О мистер Уорнер, могла ль я скорбеть оттого, что где-то идет война? Могла ль горевать об Ангрии, залитой кровью своих отважных сынов, если в этот час я укладывала Изгнанника на перину из мха и листьев и вполголоса пела ему тоскливые и мрачные песни моего далекого отечества? Могла ли я плакать, могла ли роптать, видя, что звуки, которыми моя мать баюкала моего господина, когда он крохотным ангелочком лежал в своей колыбельке – под защитой твоих могучих башен, Морнингтон! в сердце твоих священных лесов, Запад! – что эти божественные звуки умеряют гнев его очей, прогоняют мучительные мысли, надрывавшие его сердце.

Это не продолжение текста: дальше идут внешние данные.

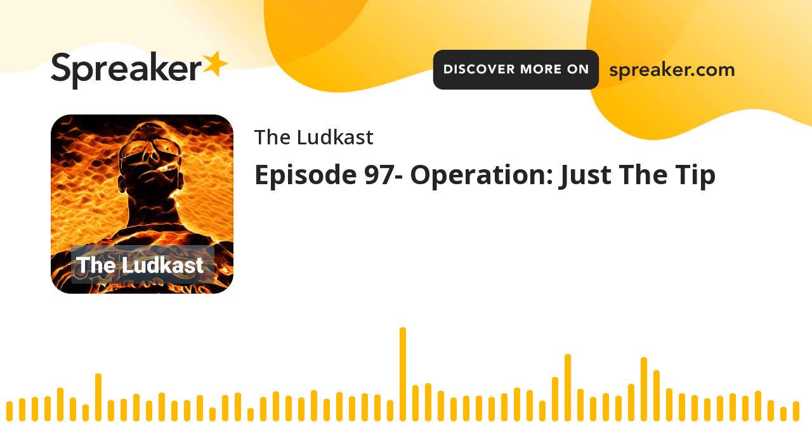SM57 is also nice for the snare — same thing, nice and crisp, very direct signal, just pinpointed. It has a really beautiful response between 800 Hz to about 5K, which has that really nice snap to it.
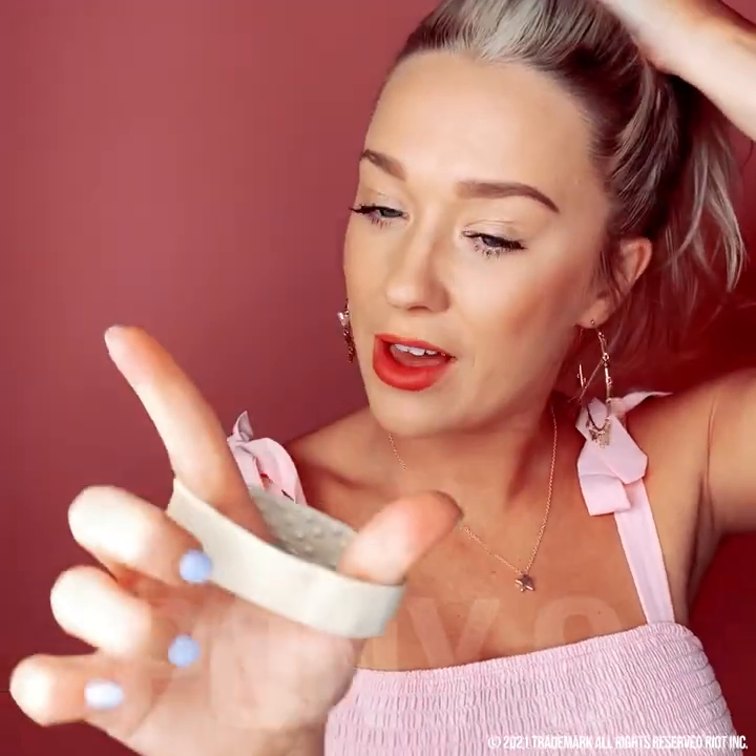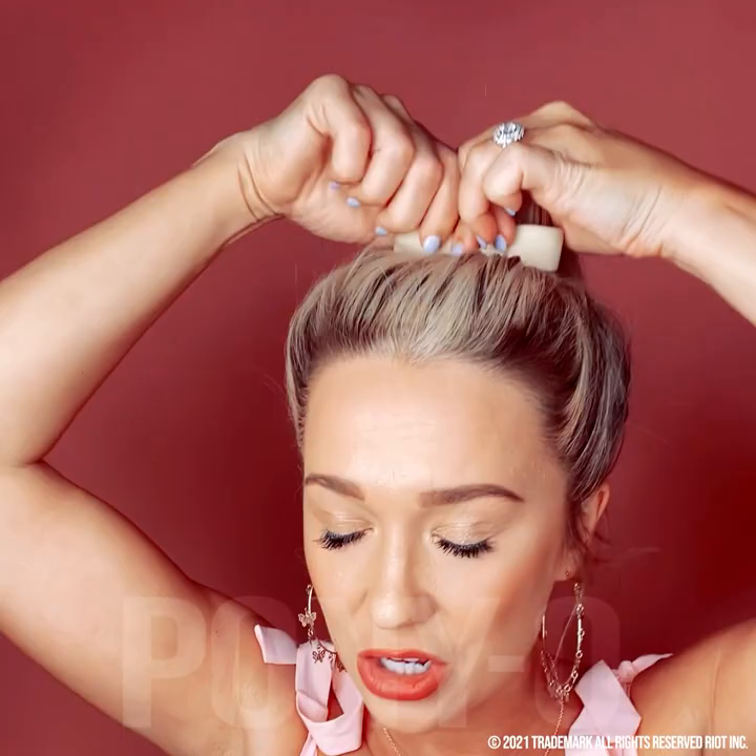It's pretty plastic. So I'm going to use two fingers, your pointer and your thumb, feed the hair through, keeping the Ponyo close to your head. Squash it flat and then bend it in.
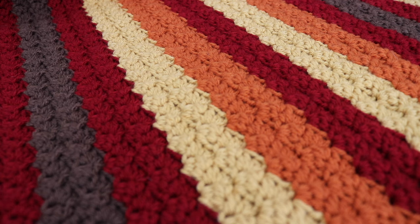Hi everyone and welcome to my channel. My name is Amanda and I'm from amandacrochets.com. In today's tutorial I'm going to show you how to make this beautiful falling leaves throw blanket. This blanket measures 49 inches wide by 61 inches long, making it a perfect throw blanket for the fall season as well as the upcoming winter season. It can really jazz up your living room and put you in the fall festive mood.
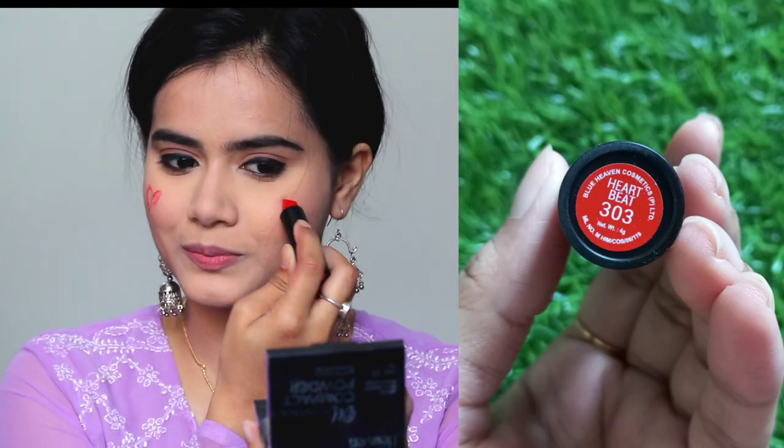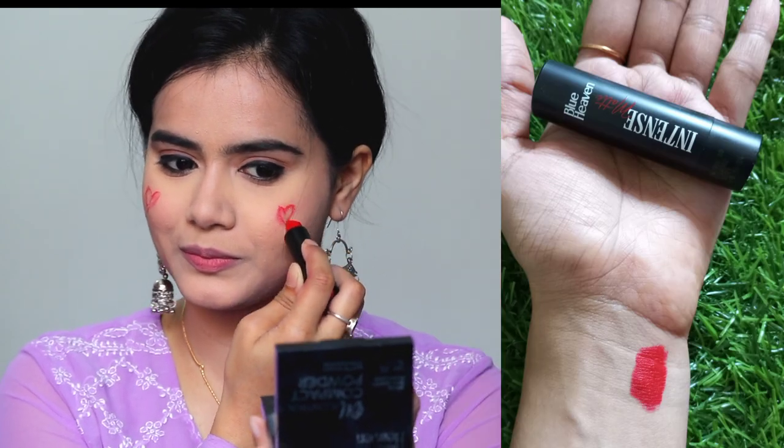Lastly, I am applying the Blue Heaven Intense Matte Lipstick in the shade Hurt Bit 303. I am first applying it as a blush and then as a lipstick. My lips had a little color already, so I applied a bit on the lips too. You can see how beautiful the color is.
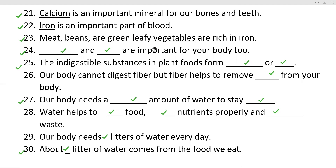Then: Dash and dash are important for your body too — the answers are raw fish and water. The indigestible substances in plant food form fiber. Regarding the spelling of fiber: the book writes F-I-B-R-E, but F-I-B-E-R is equally right. Don't confuse the two — both are correct.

Богоподобный скиталец – он думал об Ангрии, об ее бедствиях; с рассвета до темной ночи его черты мрачила та же тень, что легла на них два года назад при вести о страшной участи Донголы[95]! Он беспрестанно изыскивал способы вернуться к борющимся соратникам (как называл вас). За эти месяцы мы обошли все порты на северном побережье Франции, но за каждым углом его подстерегали жандармы. Уже давно по стране ползли слухи, что вдоль берега бродит примечательной внешности иностранец, хранящий строгое инкогнито, и Фуше[96], к которому стекались эти сведения, употреблял все усилия, чтобы заманить его в когти своих мирмидонов. Тщетно – как вы теперь знаете. Заморна перехитрил кровавого революциониста. Завтра вся Ангрия узнает, что он едет во главе своего воинства. Следом придет победа, и Мине Лори останется прозябать в каком-нибудь дальнем форте победителя, где тот про нее и не вспомнит – возможно, до своего смертного часа. Мистер Уорнер, герцог в Ардсли. Вы идете со мной? Вперед, Росваль!